1.         Was Julia really in love with Tom Fennell? And he?
Yes, she was: “It was not till after that night when they had first supped together that Julia confessed to herself that she had fallen in love with Tom. It came to her as a shock. But she was exhilarated.” “she knew very well that Tom was not in love with her. To have an affair with her flattered his vanity.”

2.         How old was Tom? What did he do? Why was he a success with women?
He was 22 years old:“since he was seventeen he had had a great many women. He loved the act rather than the person. He looked upon it as the greatest lark in the world. And she could understand why he had so much success. There was something appealing in his slightness, his body was just skin and bone, that was why his clothes sat on him so well, and something charming in his clean freshness. His shyness and his effrontery combined to make him irresistible. It was strangely flattering for a woman to be treated as a little bit of fluff* that you just tumbled on to a bed.”

3.         How can you characterize Roger? Where was he educated? What were his relations like with his parents? Did he know what he wanted to be? Did he want to go on the stage?
He was 17 and he was educated, as he attended Eton college:“Roger was seventeen. He was a nice-looking boy, with reddish hair and blue eyes, but that was the best you could say of him. He had neither his mother's vivacity and changing expression nor his father's beauty of feature. Julia was somewhat disappointed in him. As a child when she had been so constantly photographed with him he was lovely. He was rather stolid now and he had a serious look. Really when you came to examine him his only good features were his teeth and his hair. Julia was very fond of him, but she could not but find him a trifle dull. When she was alone with him the time hung somewhat heavily on her hands. She exhibited a lively interest in the things she supposed must interest him, cricket and such like, but he did not seem to have much to say about them. She was afraid he was not very intelligent.”  
Roger didn’t accept what his parents did, he was a really good boy.
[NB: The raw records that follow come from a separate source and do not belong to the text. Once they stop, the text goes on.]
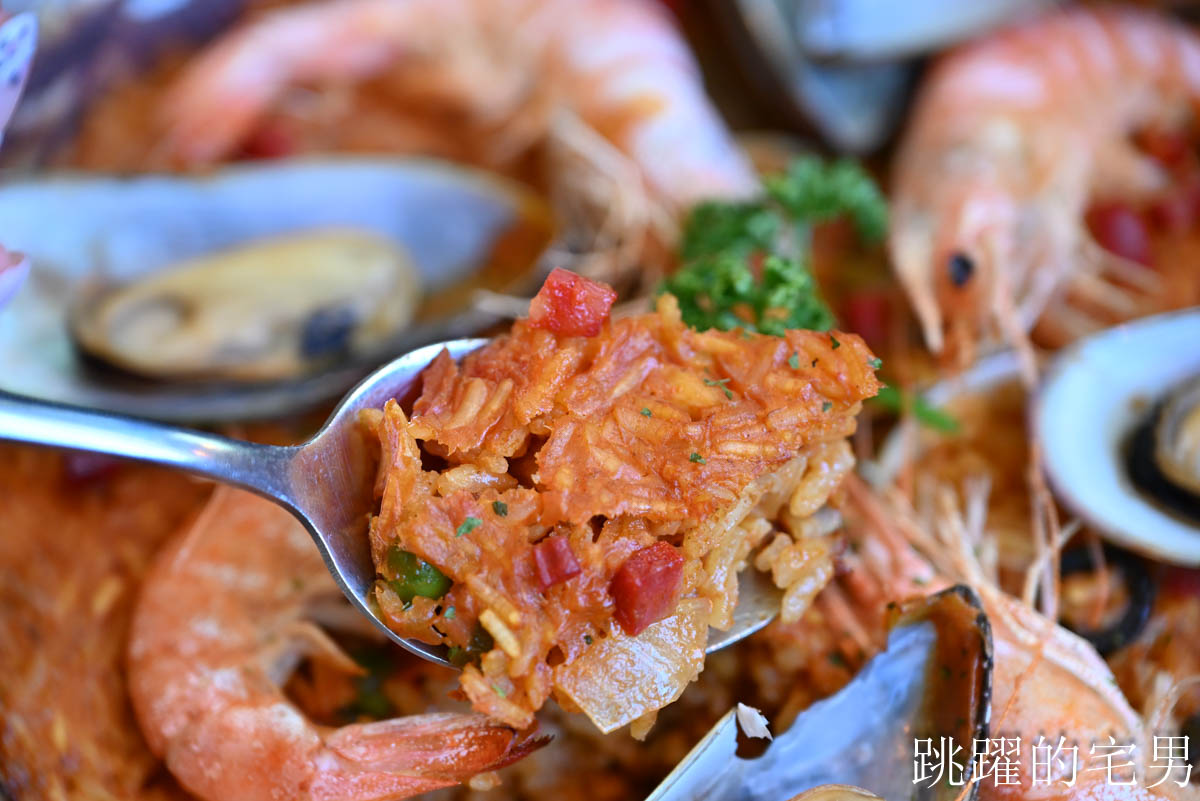 [林口餐酒館]ABV Bar&Kitchen地中海餐酒館林口旗艦店-最美林口聚會餐廳，歐洲酒窖風挑高8米180度全落地窗，西班牙海鮮燉飯等異國料理300款精釀啤酒，三井Outlet附近美食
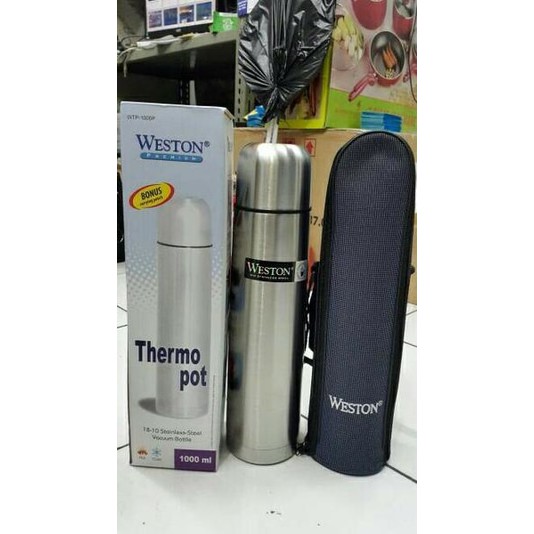 Termos Stainless Steel 1 Liter Air Panas Dingin Weston
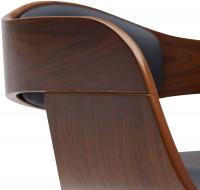 2er Set Barhocker Kingston B Kunstleder walnuss/schwarz 2er Set Barhocker Kingston B Kunstleder walnuss/schwarz
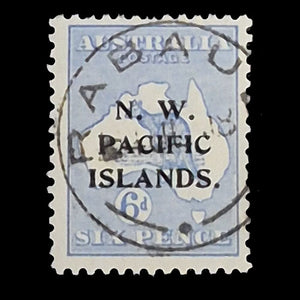 NORTH WEST PACIFIC ISLANDS 1915-16 6d ULTRAMARINE ROO  FU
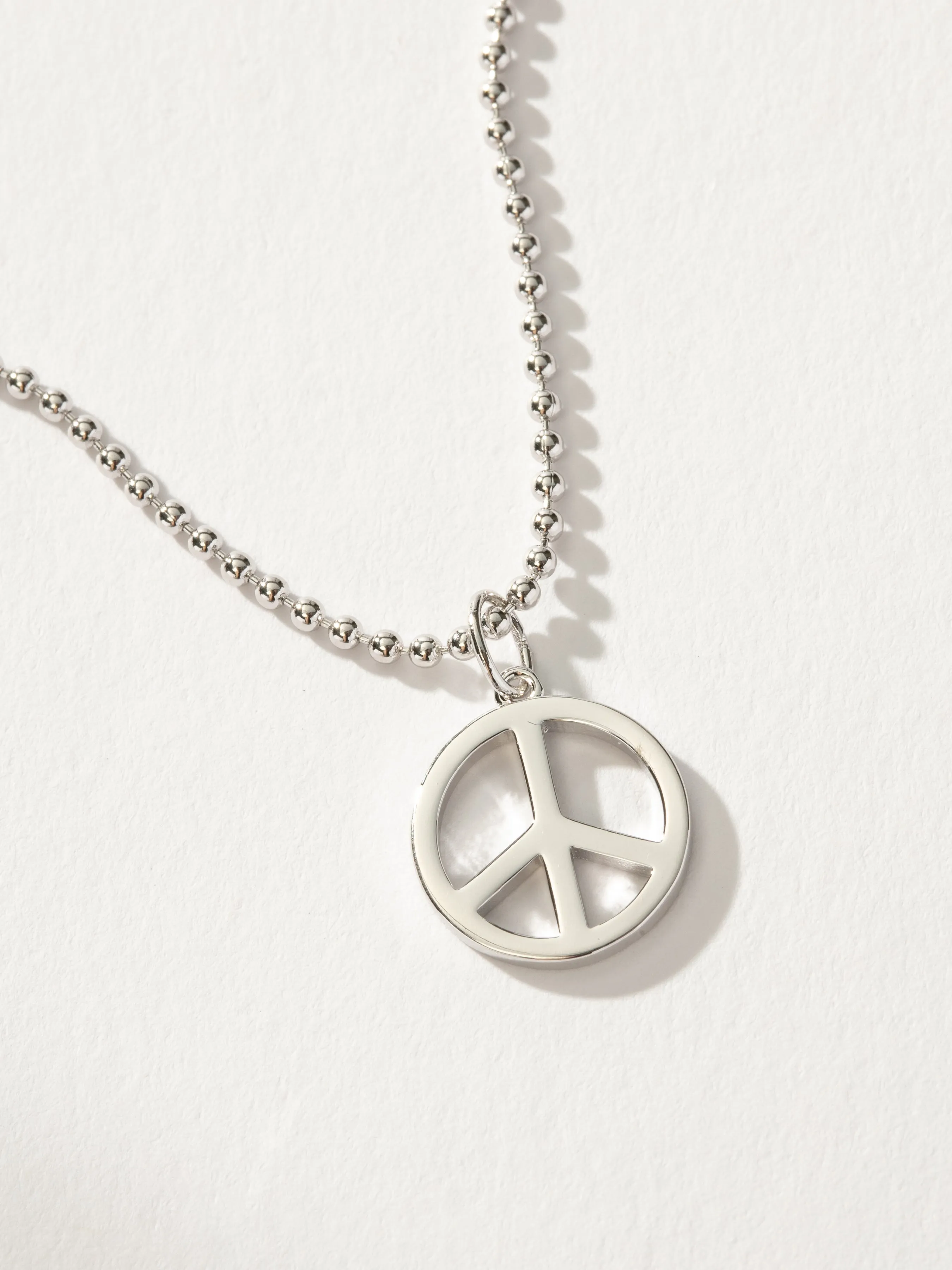 Peace Sign Pendant Necklace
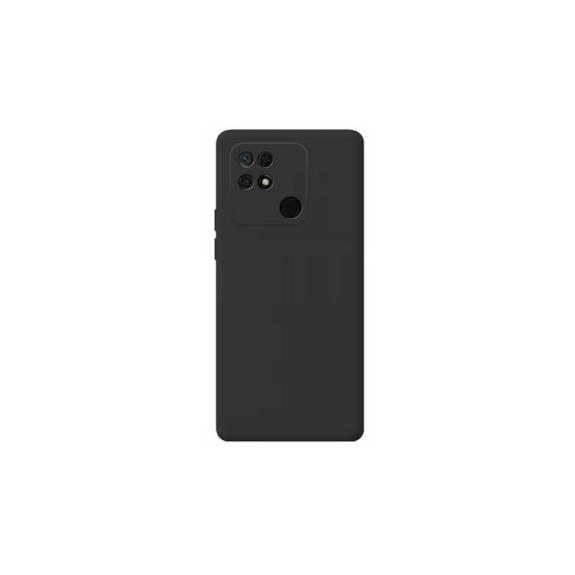 Funda para Xiaomi Redmi 10C silicona suave negro
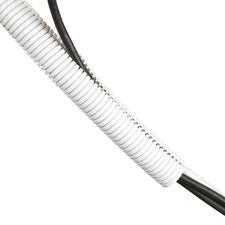 D-Line White 43in Cable Sleeve, Flexible Wire Protector Tubing, Split Electri...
 “He told Julia at once that he desired to leave Eton at Christmas, he thought he had got everything out of it that he could, and he wanted to go to Vienna for a few months and learn German before going up to Cambridge. Michael had wished him to go into the army, but this he had set his face against. He did not yet know what he wanted to be. Both Julia and Michael had from the first been obsessed by the fear that he would go on the stage, but for this apparently he had no inclination.”

4.         How did Tom and Roger get on together?
They spent much time together, they were peers and had much in common.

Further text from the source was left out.